Clinical information was gathered from individual test request forms and NetEpi, the NSW Health surveillance system; data was unavailable for 38 individuals. As the clinical case definition was strictly applied in the early CONTAIN phase, we assume that all subjects without any clinical information recorded on the request form met the testing criteria. Results are shown in Table 2. Of 255 samples tested (collected from 219 adults, 33 children and 3 with no age recorded), 113 (44.3%) had one or more respiratory viruses detected: 72 (63.7%) rhinoviruses, 20 (17.6%) seasonal influenza A viruses (16 A/H3N2 and 4 A/H1N1), 9 (7.9%) RSV, 6 (5.3%) hMPV, 5 (4.4%) each of influenza B and parainfluenzaviruses and 1 (0.8%) enterovirus. Five viral co-infections were identified, four with RSV and rhinoviruses, and one with influenza A/H3N2 and rhinovirus. No human adenoviruses were detected. The respiratory virus detection rate in the paediatric sub-group was 63.6% (21/33 tested), with 12 rhinoviruses, 3 influenza A/H3N2, 2 RSV, 1 parainfluenzavirus 2, 1 enterovirus and 2 co-infections with RSV and rhinoviruses.

Table 2 Detection rates of respiratory viruses (*denotes co-infection)

In the present study, despite limiting laboratory testing to those meeting the clinical case definition, A(H1N1)pdm09 virus was only detected in 3.8% of cases during the early CONTAIN phase; rhinoviruses instead were the most commonly detected virus. Although the samples were collected from subjects in an outpatient setting in this study, rhinoviruses have also been identified as the most common virus detected in hospitalised children presenting with an acute respiratory infection[13]. Outbreaks of rhinovirus infection, sometimes causing severe disease, have also been reported in long-term care facilities and in elderly adults presenting with respiratory distress to hospital emergency departments[14, 15]. In another study determining the rate of non-A(H1N1)pdm09 virus infection during the 2009 pandemic at two hospital emergency departments in France, rhinovirus infection rates were also higher than A(H1N1)pdm09 virus infection rates (62.6% vs. 16.5%)[16]. In our study, the rate of rhinovirus infection in travellers and contacts of cases was similar. Other respiratory viruses contributed approximately 20% of infections. Viral co-infections were also uncommon, possibly from sampling bias as viral co-infection may be associated with more severe disease.

Clinical syndromes defining typical influenza virus infection overlap with those described for other respiratory viruses. Non-specific case definitions, along with public health, media and clinical demands (given that the first pandemic wave in 2009 occurred during the usual influenza and respiratory virus season), may contribute to unrealistic pressures on laboratories. Using a broad clinical case definition (even when limiting it only to travellers) in the early phases of a new pandemic or following emergence of other novel respiratory viruses overseas, as exemplified by the recent emergence of the Middle East Respiratory Syndrome-coronavirus[17] is non-specific. Pathogen-specific NAT using a sensitive, but non-specific case definition targeted to a new pathogen is needed in a containment phase for management of infected patients and related public health issues. However, this approach will miss many other respiratory viruses that in themselves may have clinical significance in certain populations, even if not hospitalised.

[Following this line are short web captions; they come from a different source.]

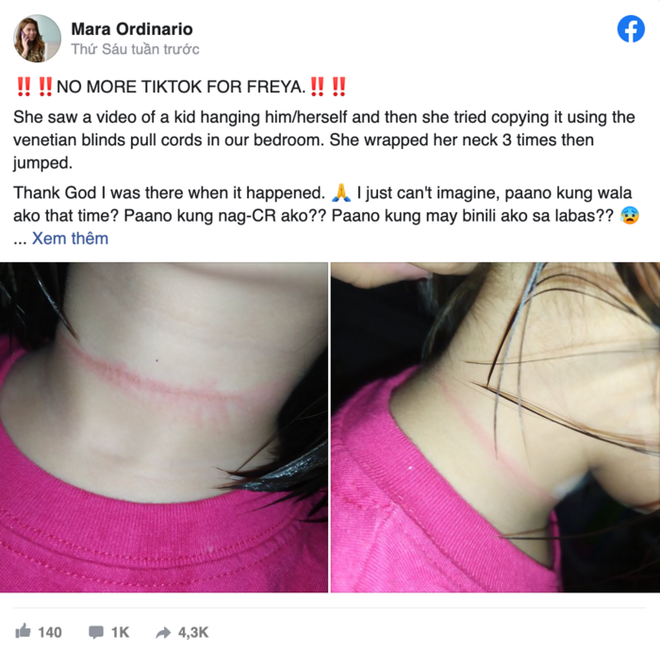 Cô bé 4 tuổi và vết hằn trên cổ.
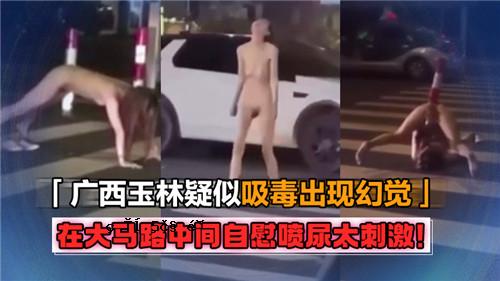 中路伪貌错觉、自慰、尿脂刺激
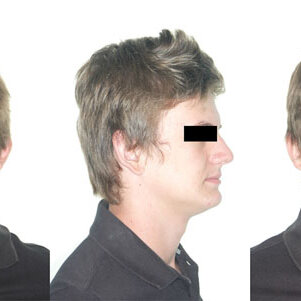 Front and lateral view facial photographs representative of an individual with the mild Q320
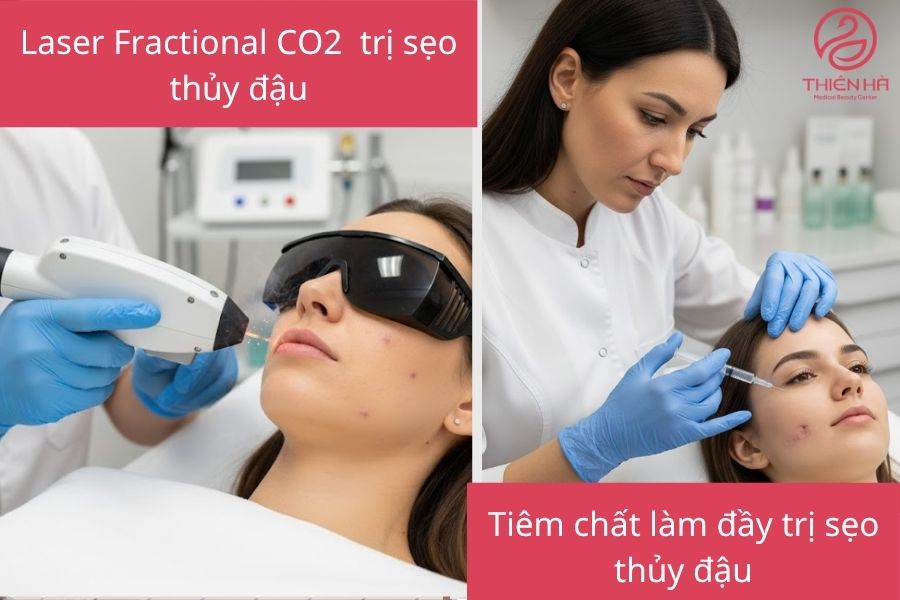 Trị sẹo thủy đậu bằng công nghệ y khoa hiện đại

Even prior to the widespread transmission of A(H1N1)pdm09 virus in Australia, limiting testing to travellers did not improve the specificity of testing. Furthermore, if laboratories use NAT to determine other causes of infection, testing capacity in an outbreak may soon be reached. However, when the causative pathogen of an outbreak has been identified and the outbreak has progressed beyond containment, then the testing algorithms need revision to target only specific indications, such as a location of new or significant clusters, or for individuals at risk of severe disease.

In conclusion, laboratory testing specifically targeting only the new virus will miss other clinically important co-circulating respiratory pathogens in the very early stages of a pandemic. Detecting the presence of other viruses may provide important information on the impact of pre-existing viruses when a new pandemic virus is circulating.